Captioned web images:

☆ ☆ ☆

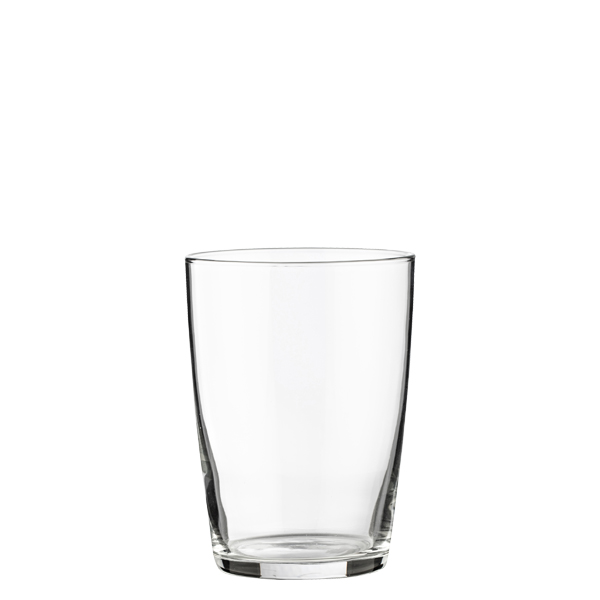 Ποτήρι T-SIDRA 50 cl
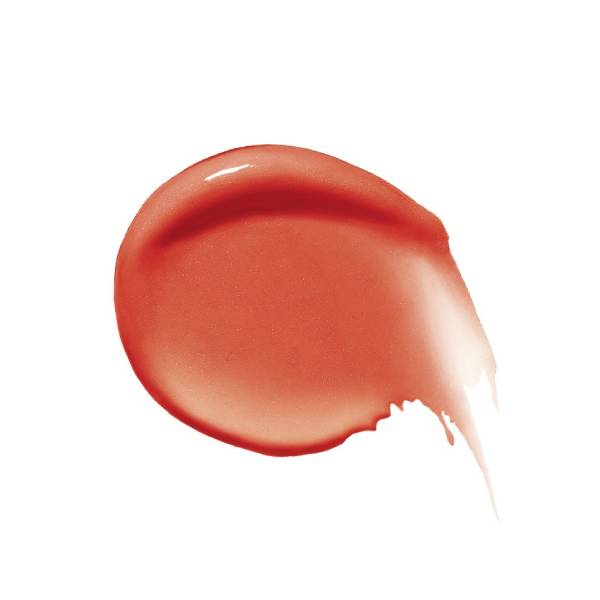 Farve Gel Læbepomade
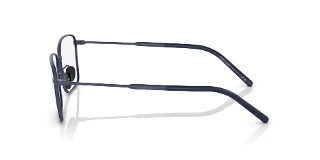 Giorgio Armani Eyeglasses AR5127J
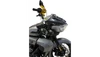 Klock Werks Dynamat Sound Control Fairing Kit for '24-25 Harley Davidson Road Glide and '23-25 FLTRXSE CVO Road Glide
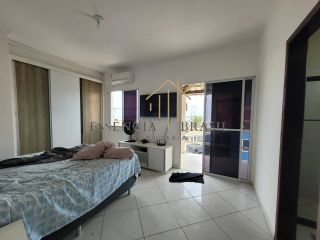 EXCELENTE CASA TRIPLEX na Praia do Flamengo, Stella Maris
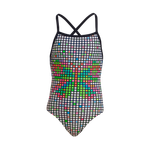 Купальник FUNKITA Snow Flyer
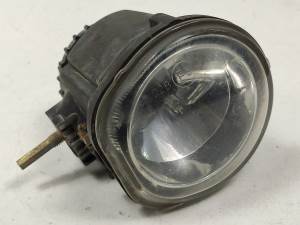 FARO ANTINIEBLA IZQUIERDO 38660748 ALFA ROMEO 156 (116) Autodesguaces Alicante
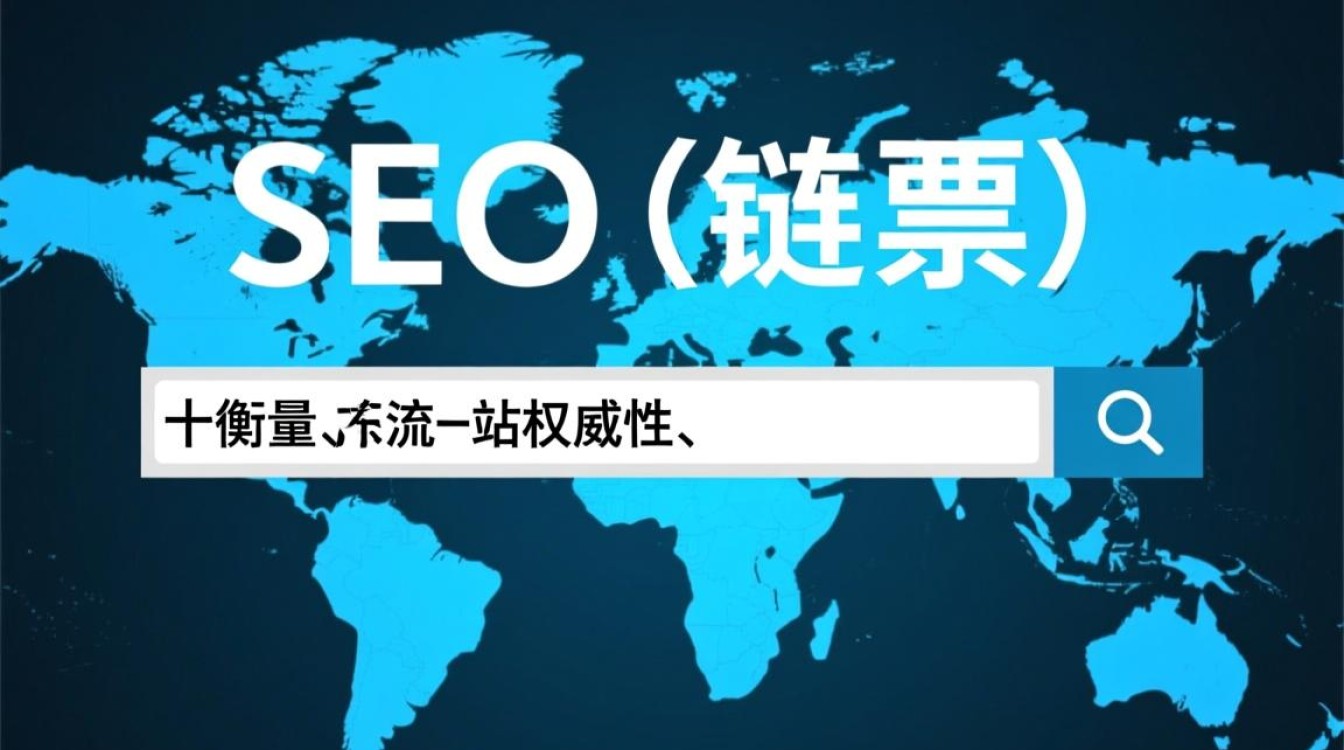 查询网站外链有哪些好方法?用什么免费工具分析外链质量好坏? 查询网站外链有哪些好方法?用什么免费工具分析外链质量好坏?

☆ ☆ ☆

__What is being asked__. Repeat the data word for word. Images are not part of the copy.

__Output for this task__.
 Ποτήρι T-SIDRA 50 cl
 Farve Gel Læbepomade
 Giorgio Armani Eyeglasses AR5127J
 Klock Werks Dynamat Sound Control Fairing Kit for '24-25 Harley Davidson Road Glide and '23-25 FLTRXSE CVO Road Glide
 EXCELENTE CASA TRIPLEX na Praia do Flamengo, Stella Maris
 Купальник FUNKITA Snow Flyer
 FARO ANTINIEBLA IZQUIERDO 38660748 ALFA ROMEO 156 (116) Autodesguaces Alicante
 查询网站外链有哪些好方法?用什么免费工具分析外链质量好坏? 查询网站外链有哪些好方法?用什么免费工具分析外链质量好坏?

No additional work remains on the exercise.